It takes only seconds for others to form an opinion of us when we meet them for the first time. What they initially see becomes their own personal version of the truth, and it can be hard to change a first impression. You are judged by your ability to put others at ease, and your professional image can be enhanced or harmed by a few simple gestures.
Here are a few ways to use those primary moments to your advantage and create a favorable first impression.
Show up. Woody Allen said it best: "Showing up is 80 percent of life." If you have the courage and perseverance to walk through the door, you are on your way to success. Make an effort to attend events that you know will be valuable to your personal and professional growth.
Go in with a mission. You may not be able to meet everyone at a large event, but make an attempt to meet four or five key players that you are interested in getting to know. Do some advance preparation; find out who will be attending and learn what you can about them and their company. Put some thought into what you want to communicate to those you intend to meet. Your time will be limited so think intentionally.
Stand for all introductions. Forget the rules you learned as a child, "young ladies stay seated, and young men stand up." Both men and women show respect for themselves and the other person by standing up to shake hands for an introduction. Rising from your chair sends the message that you are interested and engaged in the person you are speaking with.
Practice introducing yourself. When meeting someone for the first time, offer an engaging smile, extend your hand for a firm handshake and speak your name slowly and deliberately to help them remember it. Most people rattle their names off quickly, making it difficult for the other person to hear and remember. I have a colleague who purposely pauses for an extra second between his first and last name to help the other individual process the introduction.
Make conversation, not a business pitch. Take it upon yourself to initiate and sustain an enjoyable, friendly interaction. Focus your attention on the person you are meeting, showing a genuine interest. By asking open-ended questions and using their name in conversation, you will come across as a fascinating conversationalist.
Be well informed. It's completely up to you to make yourself interesting. Know what is happening in the community and the world, from headlines to sports news, having a variety of topics on hand to keep the conversation flowing. Don't go in with the objective of sealing a deal, but instead, begin laying the foundation for a future relationship.

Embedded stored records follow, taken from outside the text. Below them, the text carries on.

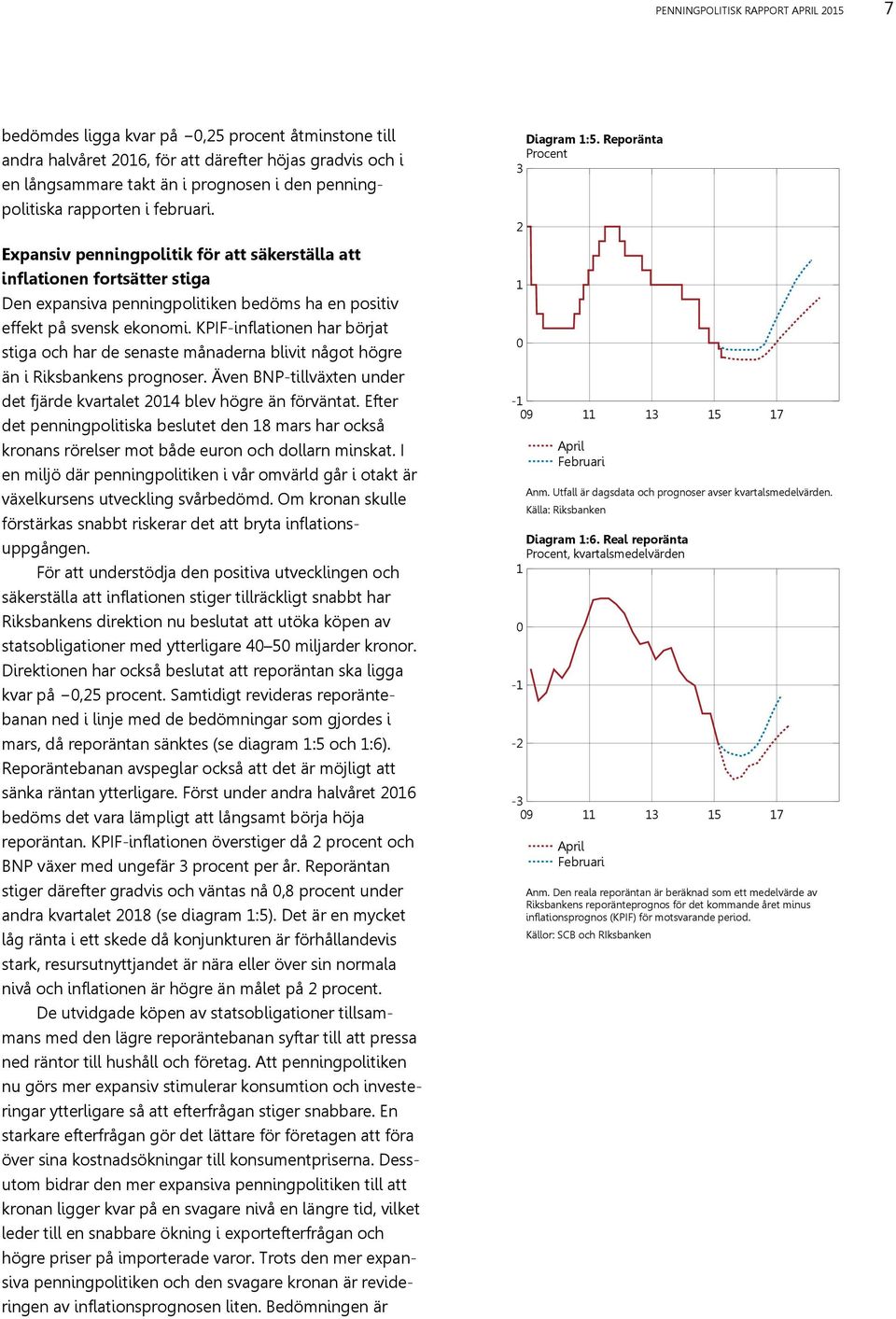 KPIF-inflationen har börjat stiga och har de senaste månaderna blivit något högre än i Riksbankens prognoser. Även BNP-tillväxten under det fjärde kvartalet 214 blev högre än förväntat.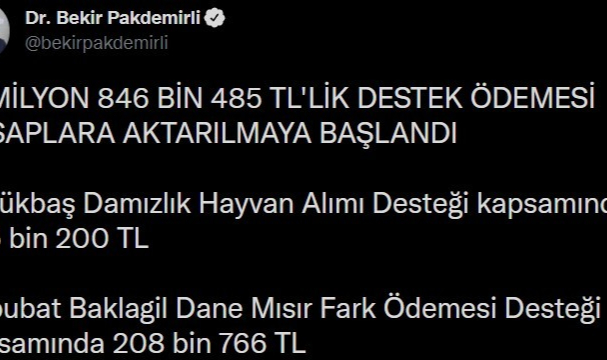 Pakdemirli : Destek ödemeleri hesaplara yatırıldı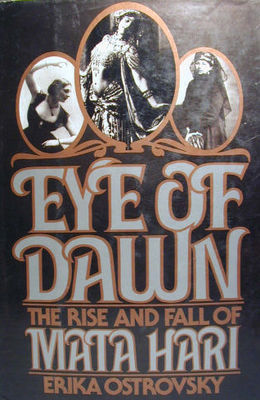 Eye of dawn : the rise and fall of Mata Hari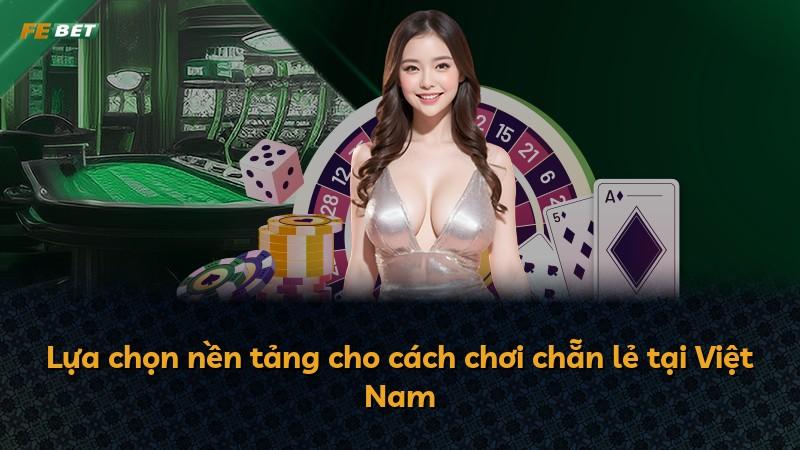 Lựa chọn nền tảng cho cách chơi chẵn lẻ tại Việt Nam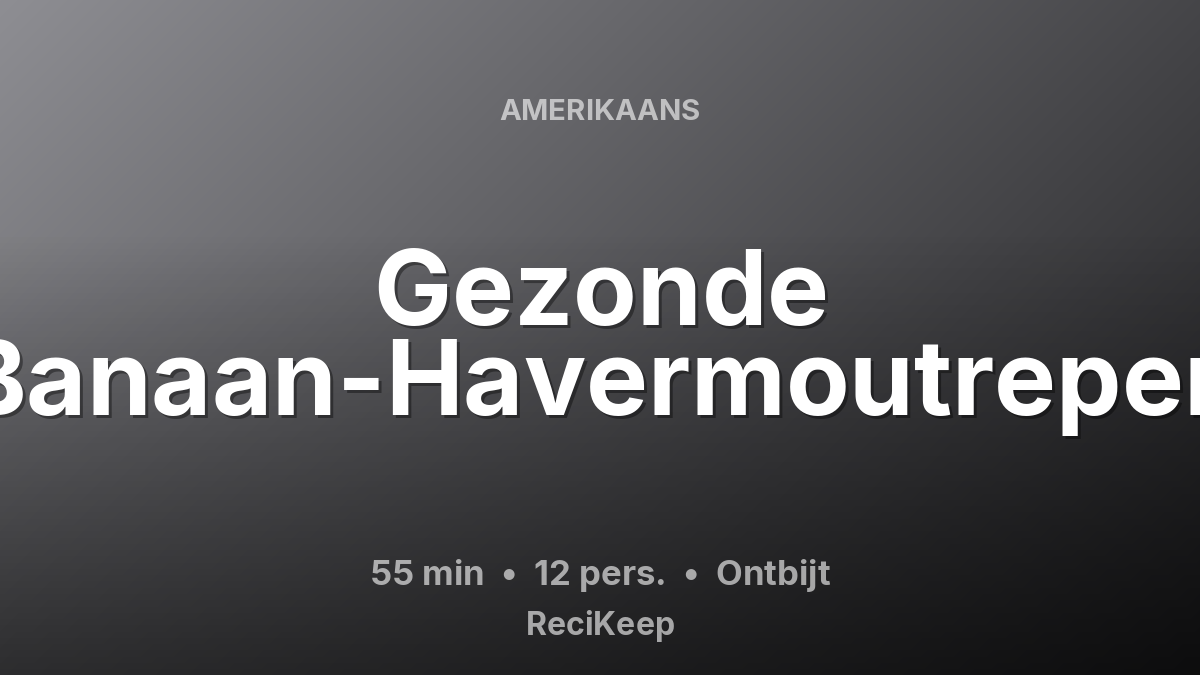 Receptkaart Gezonde Banaan-Havermoutrepen – Ontbijt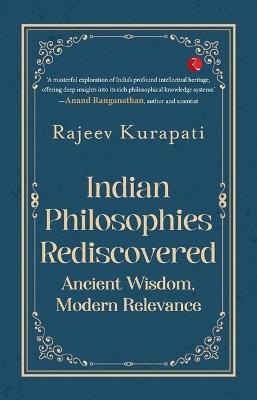 Indian Philosophies Rediscovered: Ancient Wisdom, Modern Relevance - Rajeev Kurapati - cover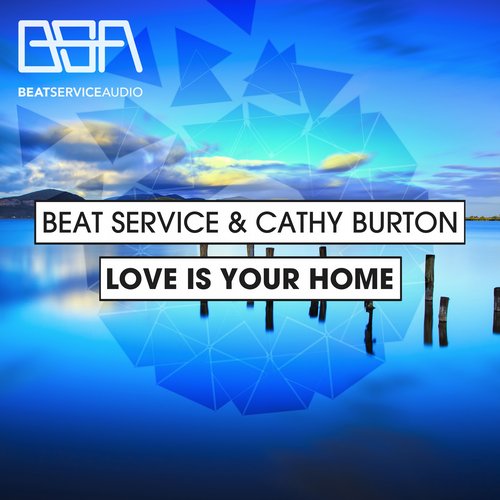 Beat Service, Cathy Burton - Love Is Your Home (Original Mix)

Thoughtfully end the conversation. End the visit as pleasantly as it began; extending your hand for a closing handshake. Express your interest in a follow-up discussion at another time, leaving the door open for a future opportunity to connect. Follow up with, "May I offer you my business card?" if the person is not a senior executive.
Project confidence through your body language. Your posture and dress will go a long way toward creating a positive impact on those you meet. Someone standing tall with their chin up, shoulders back and an engaging smile is infinitely more approachable than someone slouching and leaning against the wall. The manner in which you carry yourself sends a strong message -- make it a good one.